- Task to complete -
Could you copy exactly the lines below, beginning at the line with "2021 MAXUS XinTu" and stopping after the line with "iPhone 18 Pro Max", with no pictures?
[Material shown — start]
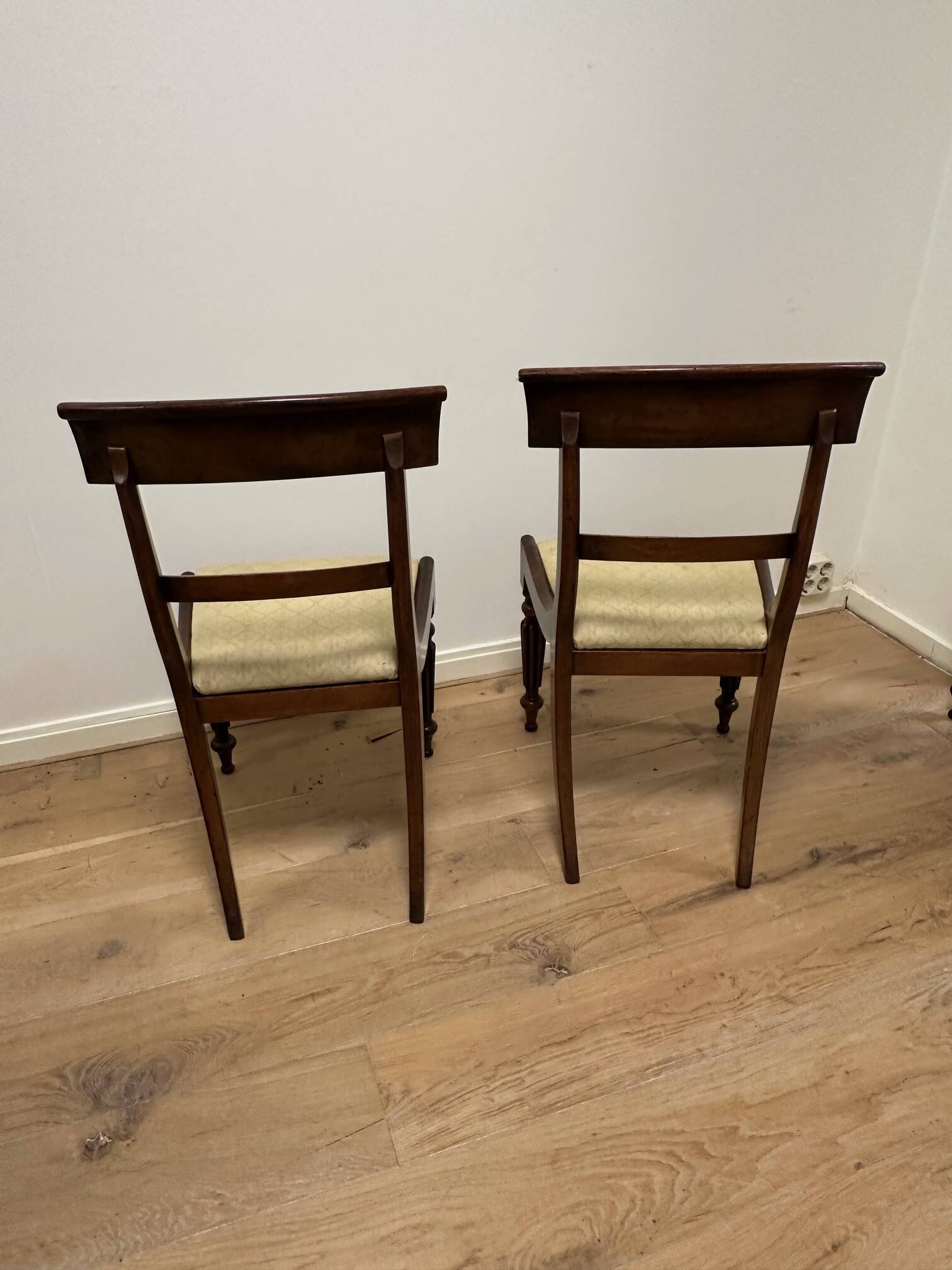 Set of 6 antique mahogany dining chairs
[Material shown — finish]
[Material shown — start]
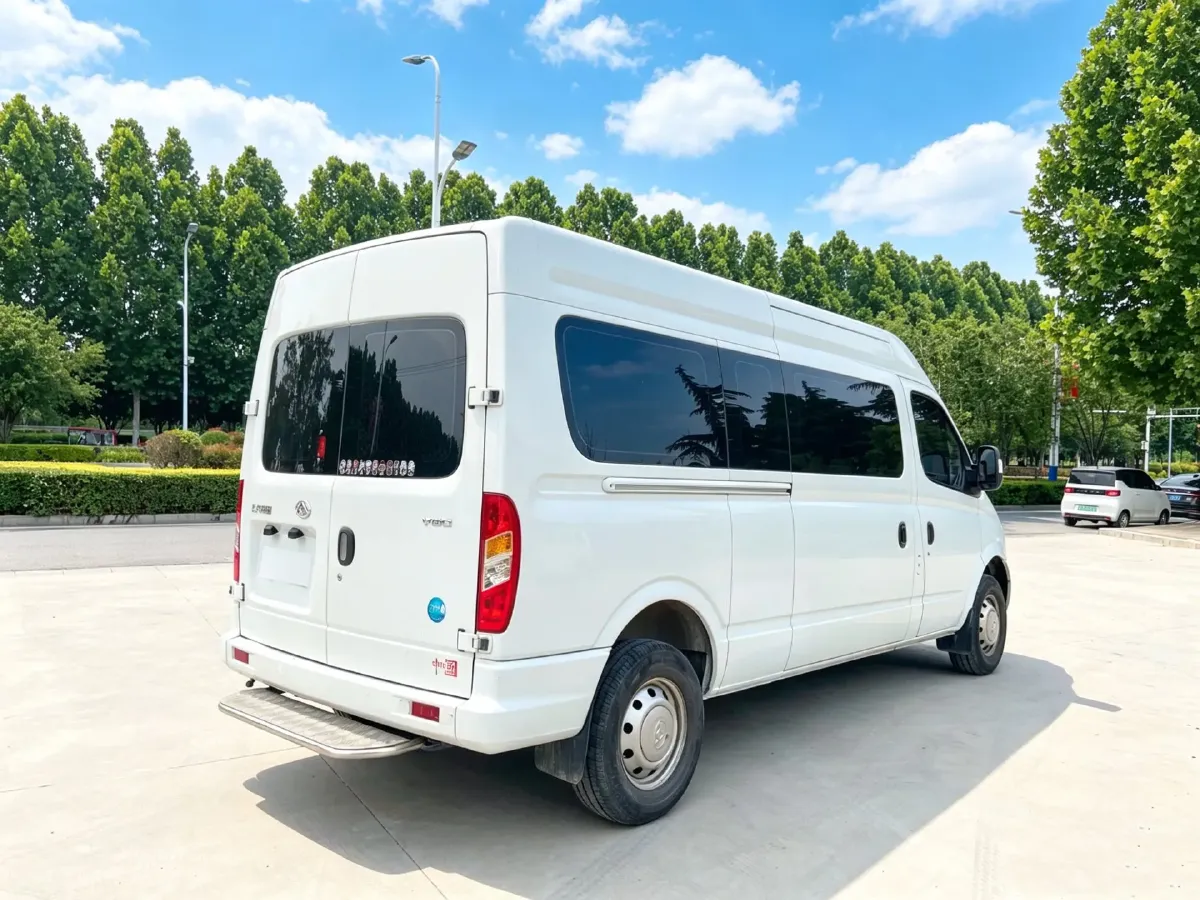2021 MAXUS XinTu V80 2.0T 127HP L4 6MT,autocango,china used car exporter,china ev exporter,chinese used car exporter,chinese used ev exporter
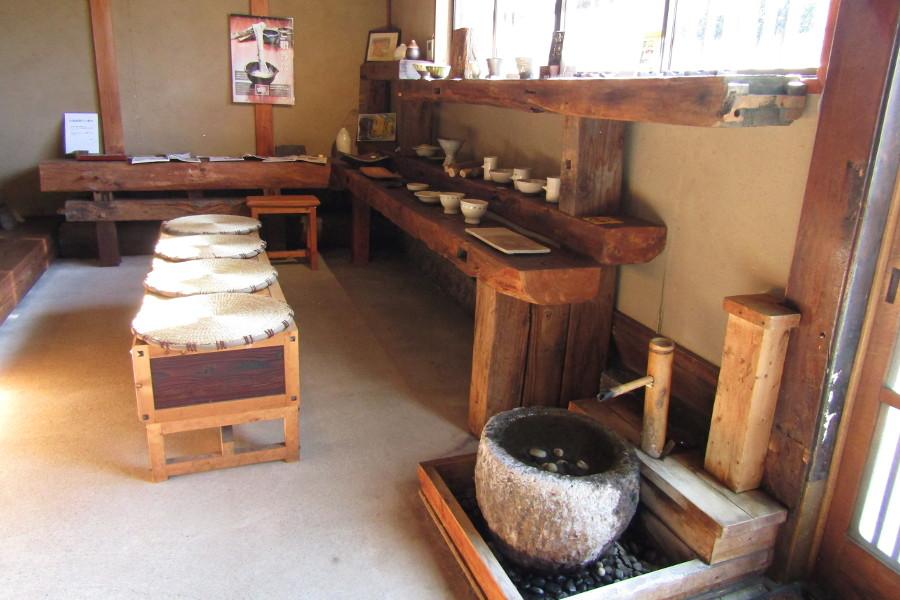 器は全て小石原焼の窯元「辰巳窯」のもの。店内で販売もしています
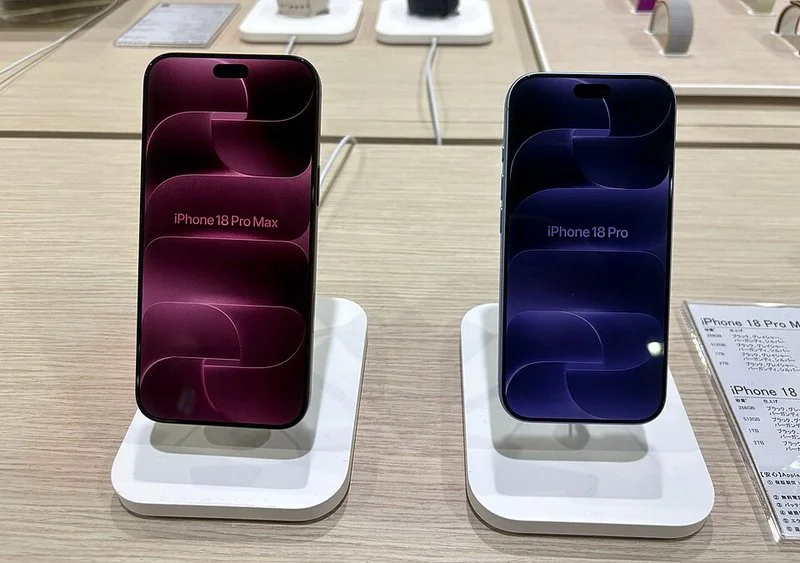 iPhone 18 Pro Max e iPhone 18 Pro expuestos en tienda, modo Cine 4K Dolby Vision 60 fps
[Material shown — finish]
- Written answer -
2021 MAXUS XinTu V80 2.0T 127HP L4 6MT,autocango,china used car exporter,china ev exporter,chinese used car exporter,chinese used ev exporter
 器は全て小石原焼の窯元「辰巳窯」のもの。店内で販売もしています
 iPhone 18 Pro Max e iPhone 18 Pro expuestos en tienda, modo Cine 4K Dolby Vision 60 fps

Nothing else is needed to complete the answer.